(Activity): What needs reproducing is the run of lines in the data below starting at the line with "[Bare-root]Pinguicula esseriana 愛絲" and ending at the line with "TV 동물농장.E1120.", both ends included. Copy it exactly, without pictures, and add nothing.
Source data Block Start
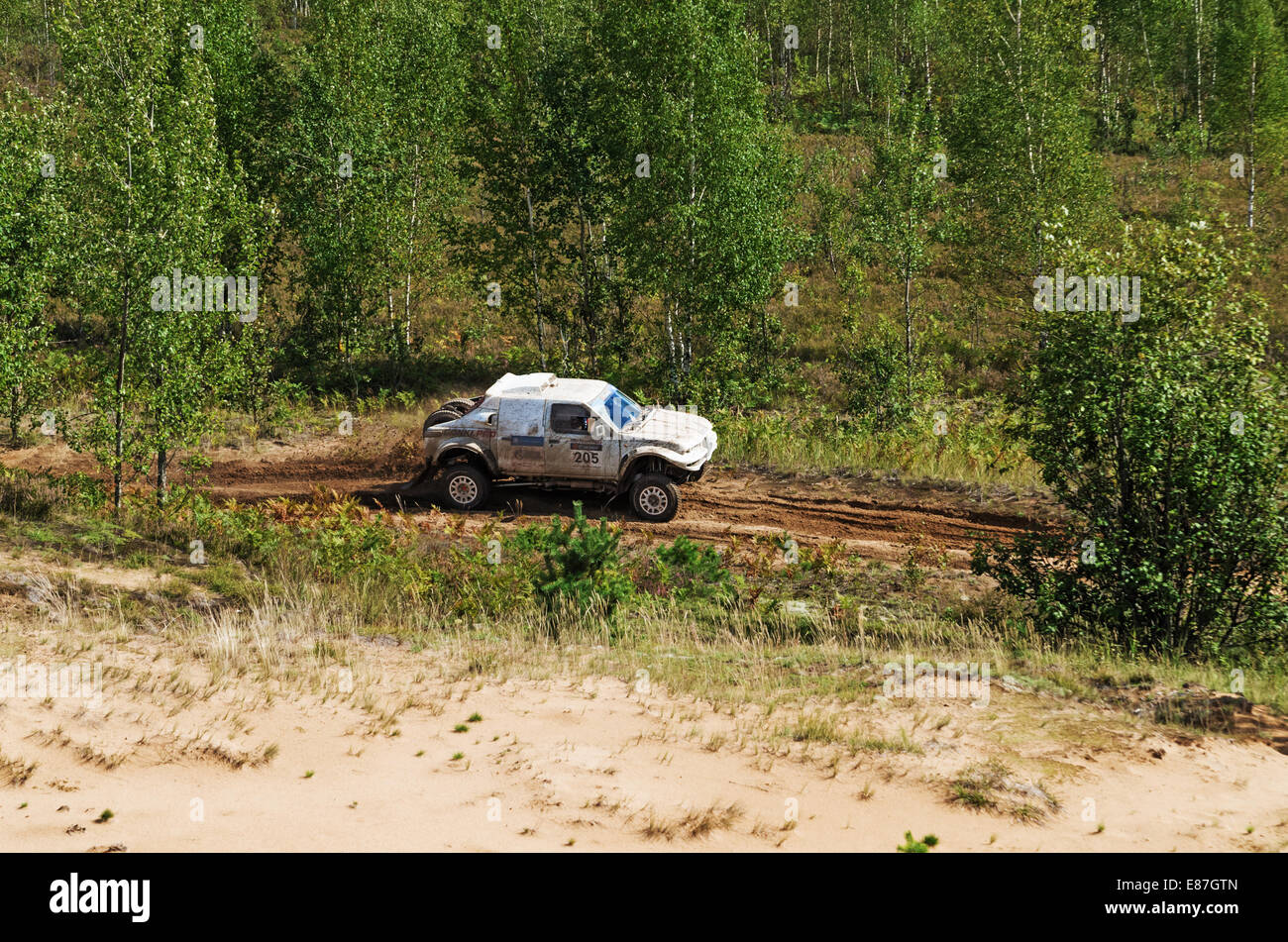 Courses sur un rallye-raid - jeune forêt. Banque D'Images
Source data Block End
Source data Block Start
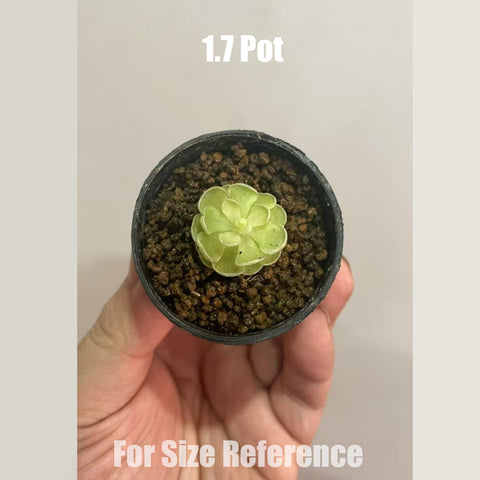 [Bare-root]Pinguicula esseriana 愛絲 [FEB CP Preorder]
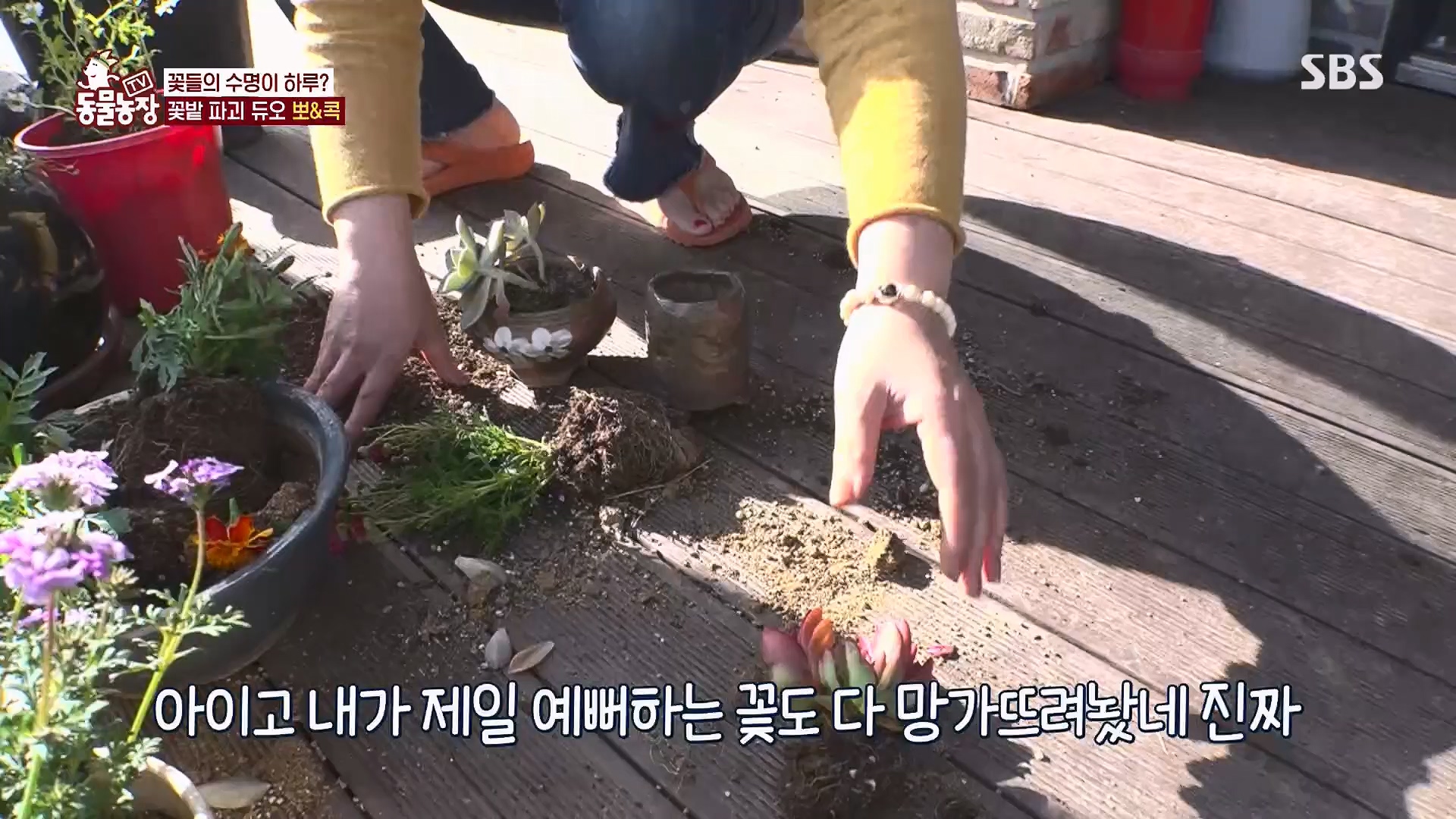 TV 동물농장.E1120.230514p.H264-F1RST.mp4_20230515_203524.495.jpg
Source data Block End
(Solution to this problem):
 [Bare-root]Pinguicula esseriana 愛絲 [FEB CP Preorder]
 TV 동물농장.E1120.230514p.H264-F1RST.mp4_20230515_203524.495.jpg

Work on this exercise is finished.